History of the University of California, Berkeley
The history of the University of California, Berkeley can be traced to the establishment of the private College of California and its merger with the Agricultural, Mining, and Mechanical Arts College to form the University of California in 1868.
In 1866, the land that comprises the current Berkeley campus was purchased by the private College of California. Because it lacked sufficient funds to operate, it eventually merged with the state-run Agricultural, Mining, and Mechanical Arts College to form the University of California. The university's charter was signed by California Governor Henry H. Haight on March 23, 1868. Professor John Le Conte was appointed interim president, serving until 1870 when the Board of Regents elected Henry Durant, the founder of the College of California.
In 1871, the Board of Regents stated that women should be admitted on an equal basis with men.
In 1874 the first woman graduated from the University of California; Rosa L. Scrivner earned a Ph.B in Agriculture. Elizabeth Bragg, the first woman to receive a degree in Civil Engineering from an American University, earned her degree at Berkeley in 1876.
Starting in 1891, Phoebe Hearst, mother of William Randolph Hearst, made several large gifts to Berkeley, endowing a number of programs, sponsoring an international architectural competition, and funding the construction of Hearst Memorial Mining Building and Hearst Hall. Levi Strauss was another notable donor in 1897.
In 1899, the university came of age under the direction of Benjamin Ide Wheeler, who would be its president until 1919.
UC Berkeley's reputation grew as President Wheeler succeeded in attracting renowned faculty to the campus and procuring research and scholarship funds.
The campus began to take on the look of a contemporary university with Beaux-Arts and neoclassical buildings, including California Memorial Stadium (1923) designed by architect John Galen Howard; these buildings form the core of UC Berkeley's present campus architecture.
In the 1910s, Berkeley had a significant role in the Indian independence movement, when Indian students studying at the university took an active part in forming the radical Ghadar Party, especially in publishing its paper, the Hindustan Ghadar, beyond the reach of the British colonial police in India.
Robert Gordon Sproul assumed the presidency in 1930. During his tenure of 28 years, UC Berkeley gained international recognition as a major research university. Prior to taking office, Sproul took a six-month tour of other universities and colleges to study their educational and administrative methods and to establish connections through which he could draw talented faculty in the future. The Great Depression and World War II led to funding cutbacks, but Sproul was able to maintain academic and research standards by campaigning for private funds. By 1942, the American Council on Education ranked UC Berkeley second only to Harvard University in the number of distinguished departments.

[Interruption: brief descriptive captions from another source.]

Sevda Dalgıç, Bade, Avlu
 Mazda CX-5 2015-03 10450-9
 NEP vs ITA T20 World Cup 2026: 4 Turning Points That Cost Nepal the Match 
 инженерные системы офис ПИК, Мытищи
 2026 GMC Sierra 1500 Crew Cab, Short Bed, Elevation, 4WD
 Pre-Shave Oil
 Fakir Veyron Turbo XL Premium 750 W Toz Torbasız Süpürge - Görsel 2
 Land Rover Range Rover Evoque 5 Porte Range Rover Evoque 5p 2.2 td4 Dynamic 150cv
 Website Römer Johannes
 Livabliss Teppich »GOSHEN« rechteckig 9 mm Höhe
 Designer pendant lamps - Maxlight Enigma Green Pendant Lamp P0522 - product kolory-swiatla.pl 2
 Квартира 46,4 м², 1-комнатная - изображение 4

Because the Agricultural, Mining, and Mechanical Arts College (a public institution formed in 1866) was created by the state legislature after it took advantage of the federal Morrill Land-Grant Colleges Act of 1862, the first male undergraduates at the new University of California were required to serve two hours per week for four years being trained in tactics, dismounted drill, marksmanship, camp duty, military engineering, and fortifications. In exchange for California's share of 150,000 acres (61,000 ha), North Hall, which no longer exists, housed an armory. In 1904, the service requirement was dropped to two years, and in 1917, Cal's ROTC was established more or less as it exists today with ROTC programs for the four main branches of the military. The university president's report from 1902 states, "The University Cadets from last year numbered no less than 866. Appointments as second lieutenants in the regular army have been conferred upon several men who have distinguished themselves as officers in the University Cadets. It is very much to be hoped that the War Department will establish permanently the policy of offering such appointments to the graduates of each year who show the highest ability in military pursuits." Commander Chester W. Nimitz established the Naval ROTC at Cal in the fall of 1926. Transferred in June 1929, Captain Nimitz left a unit of 150 midshipmen enrolled with a staff of six commissioned and six petty officers.
World War II
During World War II, Ernest Orlando Lawrence's Radiation Laboratory in the hills above Berkeley began to contract with the U.S. Army to develop the atomic bomb, which would involve Berkeley's cutting-edge research in nuclear physics, including Glenn Seaborg's then-secret discovery of plutonium (Room 307 of Gilman Hall, where Seaborg discovered plutonium, would later be a National Historic Landmark). UC Berkeley physics professor J. Robert Oppenheimer was named scientific head of the Manhattan Project in 1942. Along with the descendant of the Radiation Lab, the Lawrence Berkeley National Laboratory, the University of California originally managed and is now a partner in managing two other labs of similar age, Los Alamos National Laboratory and Lawrence Livermore National Laboratory, which were established in 1943 and 1952, respectively.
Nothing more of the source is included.